10 de fevereiro de 2005

Onde mora o jazz?

Tenho passado estes dias a visionar antigas cassetes VHS com programas de jazz que gravei da RTP no final dos anos 80 e início dos anos 90.

Entre programas como o Som da Supresa, o Outras Músicas, um outro apresentado pelo saxofonista David Sanborn e concertos pontualmente transmitidos, tenho aqui horas e horas de gravações com nomes como Miles Davis, Ella Fitzgerald, Carmen McRae, Sarah Vaughan, Wynton Marsalis, World Saxophone Quartet, Duke Ellintong, Betty Carter, Lester Young, Billie Holiday, Ben Webster, enfim... praticamente todos os grandes nomes do jazz. Isto para não falar de documentários imprescindíveis como o apresentado por Carmen McRae, sobre as grandes vozes do jazz.

Sem estes programas provavelmente eu e muitas outras pessoas teriam passado ao lado do jazz, tão só por falta de exposição ao mesmo. E quem diz o jazz, diz a música erudita ou clássica, ou a dança, ou a pintura.

Passaram apenas 15 anos e tanta coisa mudou. O jazz praticamente desapareceu das televisões, não há um único programa especializado e quando passa algo que tenha a ver com jazz ou música improvisada é atirado para altas horas da madrugada.

Então é caso para levantar algumas questões pertinentes:

Foram os portugueses que mudaram e involuiram e já não querem este tipo de programas?

Foi o fenómeno da privatização que obrigou os canais (nomeadamente os públicos) a ignorar a cultura, remetendo-a para horários fora do prime-time ou anulando-a por completo, em "benefício" de audiências?

Foram as televisões que se orientaram exclusivamente para as maiorias, as quais ignoram o jazz e qualquer música que seja mais difícil de ouvir, não tenha nudez, sexo, boatos, escândalos ou requeira mais atenção?

São os privados, ou a dita sociedade civil, que falham em perceber que nas televisões generalistas o jazz e a cultura em geral não têm lugar e que se impõe a criação de um canal temático na televisão por cabo, tal como se fez para os documentários sobre história, animais, etc., também eles praticamente varridos do mapara dos ditos canais generalistas?

Creio, sinceramente, que o fenómeno se prende um pouco com todas as questões levantadas e merece a nossa reflexão.
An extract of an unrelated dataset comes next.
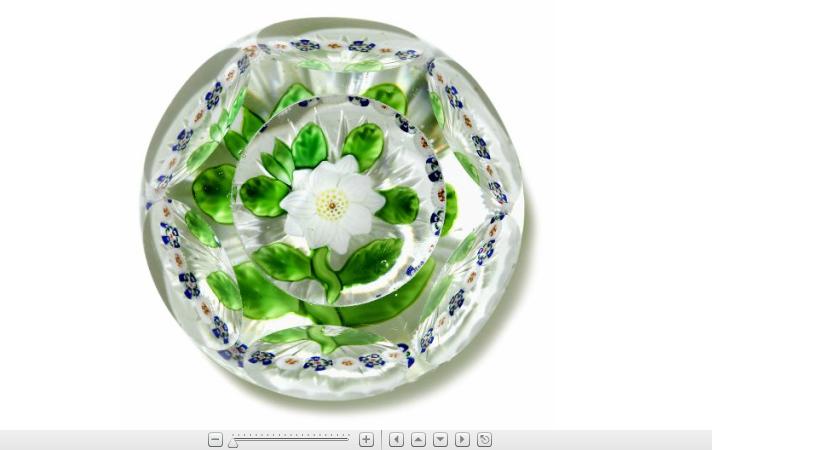 Appraisal: Antique Baccarat Clematis and millefiori garland facetted paperweight With a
De facto, parece-me que uma sociedade que depreza a cultura e em que os media a ostracizam é uma sociedade esvaziada de conteúdo, de memória e sem plataforma para evoluir no sentido da civilização e da maturidade social. É uma sociedade expropriada de opções, da diferença, do contraste, do contraditório cultural. É, em suma, uma sociedade que não só caminha para o embrutecimento como tem sérias dificuldades para surgir com novas ideias, novas propostas culturais e mesmo novas formas de organização social e política.

É só a minha opinião. E tudo isto porque me lembrei de ir arrumar os arquivos.
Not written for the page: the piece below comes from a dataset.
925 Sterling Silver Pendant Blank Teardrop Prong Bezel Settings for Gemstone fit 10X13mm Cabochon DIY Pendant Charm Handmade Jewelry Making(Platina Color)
A vida tem destas coias...

Já agora aqui fica um desafio; o desafio de que no campo do jazz Portugal não tenha de se cumprir como país mesquinho e de quintinhas. O desafio a que programadores, produtores de jazz, clubes, escolas se sentem à mesa com o canal 2 (que se afirma como espaço da sociedade civil organizada...) e se organizem para produzir um programa de jazz. Bastava, para tal, que tal programa exibisse as excelentes séries estrangeiras, tivesse um espaço para a divulgação do trabalho de músicos portugueses e uma agenda com os principais eventos a nível nacional ou ibérico. E mais: poderia ainda utilizar os riquíssimos arquivos da RTP, repondo concertos históricos do Cascais Jazz, do Estoril Jazz ou do Jazz em Agosto.

Será assim tão difícil construir a morada audiovisual do jazz em Portugal?

Cá estaremos para dar o nosso contributo.